Em relação aos fosfatos, a Guiné-Bissau só recebia dois por cento, disse Fernando Vaz, adiantando que também neste caso está a haver negociações.
Críticas à parte, Fernando Vaz queixou-se da falta de dinheiro e avisou que sem dinheiro não é possível fazer eleições.
"Não houve nenhuma eleição financiada internamente, foram sempre financiadas pelos parceiros de cooperação. Neste momento, temos a União Europeia que não nos reconhece, temos a União Africana que não nos reconhece, temos uma série de países que não nos reconhece e que estão por fora a exigir que façamos eleições a tempo e horas. Ninguém disse que vai dar dinheiro a não ser a CEDEAO, mas a CEDEAO (Comunidade Económica dos Estados da África Ocidental) não pode financiar tudo", disse.
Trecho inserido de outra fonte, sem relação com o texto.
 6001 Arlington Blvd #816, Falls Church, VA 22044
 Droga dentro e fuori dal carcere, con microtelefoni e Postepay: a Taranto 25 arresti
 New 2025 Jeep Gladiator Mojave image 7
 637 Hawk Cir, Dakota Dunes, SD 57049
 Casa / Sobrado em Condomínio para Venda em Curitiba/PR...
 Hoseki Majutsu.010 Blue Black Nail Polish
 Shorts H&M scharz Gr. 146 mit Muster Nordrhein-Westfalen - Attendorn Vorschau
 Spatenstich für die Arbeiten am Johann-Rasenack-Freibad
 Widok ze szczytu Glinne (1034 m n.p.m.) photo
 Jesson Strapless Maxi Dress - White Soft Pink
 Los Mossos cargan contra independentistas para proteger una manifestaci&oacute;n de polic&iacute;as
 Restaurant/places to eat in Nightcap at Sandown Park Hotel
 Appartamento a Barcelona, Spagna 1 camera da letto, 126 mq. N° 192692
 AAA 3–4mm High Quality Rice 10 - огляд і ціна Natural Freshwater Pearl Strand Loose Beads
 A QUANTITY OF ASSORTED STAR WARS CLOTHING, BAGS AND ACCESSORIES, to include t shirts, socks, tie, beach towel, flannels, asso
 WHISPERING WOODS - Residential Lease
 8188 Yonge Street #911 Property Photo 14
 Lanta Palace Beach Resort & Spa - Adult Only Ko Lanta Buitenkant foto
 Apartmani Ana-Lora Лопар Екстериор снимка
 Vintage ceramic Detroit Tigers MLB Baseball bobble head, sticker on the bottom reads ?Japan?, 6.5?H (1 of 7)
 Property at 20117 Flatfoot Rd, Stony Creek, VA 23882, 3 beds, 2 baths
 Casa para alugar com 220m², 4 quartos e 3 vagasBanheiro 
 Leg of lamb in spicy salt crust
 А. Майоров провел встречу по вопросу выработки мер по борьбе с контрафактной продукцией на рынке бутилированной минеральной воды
Segundo o ministro, acabaram esta semana os trabalhos de cartografia do país e é necessário agora lançar o concurso para se fazer o recenseamento biométrico. "Para isso, é preciso dinheiro, temos os americanos que nos prometeram e esperamos que nos apoiem para tentar fazer (as eleições) dentro do ano, mas não havendo condições não podemos fazer milagres e a comunidade internacional tem de entender isso, não é só pôr-se na posição de exigir. A realidade é esta e eles conhecem-na e se a quiserem ignorar o problema é deles", disse.
Sobre a greve dos professores, que decorre há mais de um mês, Fernando Vaz disse ter sido criada uma comissão chefiada pelo ministro das Finanças para dialogar com os sindicatos e adiantou que "as negociações estão no bom caminho", admitindo que as aulas comecem em breve.
Também não correu bem a exportação do caju, visto que permanecem 36 mil toneladas por vender, reconheceu. Mas, segundo Fernando Vaz, o Governo "recebeu propostas que estão a ser negociadas".
E sobre o fornecimento de energia o ministro disse acreditar que o Governo de transição vai conseguir resolver "um problema que o PAIGC (partido no poder até 12 de abril) não resolveu em 40 anos". Neste momento, disse, estão instalados sete megawatts e na semana passada o Governo assinou um contrato para a construção de uma central de energia solar que chegará, por fases, aos 10 megawatts.
Fernando Vaz garantiu que o Governo tem feito uma gestão de rigor e que vai continuar a pagar ordenados até ao final do mandato. E diz: "é difícil de gerir sem nenhuma ajuda externa, tirando a ajuda que a Nigéria deu, de 10 milhões de dólares, que representam dois meses de ordenados".